James “Kamala” Harris is pictured in a provided image. (Photo credit: WWE)

Born in Senatobia, Mississippi, the 6-foot-7-inch (2-meter), nearly 400-pound (181-kilogram) Harris began his wrestling career as Sugar Bear Harris and under other names but wasn’t considered successful in the ring. It wasn’t until a promoter suggested the Kamala gimmick loosely based on Ugandan dictator Idi Amin that his career took a turn. 

Walking into the ring with body and face paint and a spear, Kamala would headline cards against babyface wrestlers like the Junkyard Dog, Andre the Giant, and Hacksaw Butch Reed in Mid-South Wrestling’s territory of Louisiana and Texas. He was managed by Skandor Akbar and a masked man named Friday, who tried to control the wrestler’s behavior. 

He’d chop opponents and often pretended to bite their faces.

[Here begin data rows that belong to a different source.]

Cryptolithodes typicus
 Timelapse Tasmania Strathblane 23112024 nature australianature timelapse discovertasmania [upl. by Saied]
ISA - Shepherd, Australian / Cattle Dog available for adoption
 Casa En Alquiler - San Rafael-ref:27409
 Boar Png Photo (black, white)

His finishing move, the “splash,” consisted of him running full speed at a downed foe while jumping in the air with his hands extended and landing on the opponent’s back. The move left opponents immobile for an easy pin. 

Harris would later join the WWE and face Hulk Hogan, Jake “The Snake” Robert and the Undertaker. 

Critics charged that the character of Kamala was based on racial stereotypes as wrestling announcers often used such terms as “savage” and “beast.” 

In interviews later in life, Harris said he found the gimmick fun and meant no harm. But he did often tell interviewers he was underpaid compared to other wrestlers at the time and treated poorly.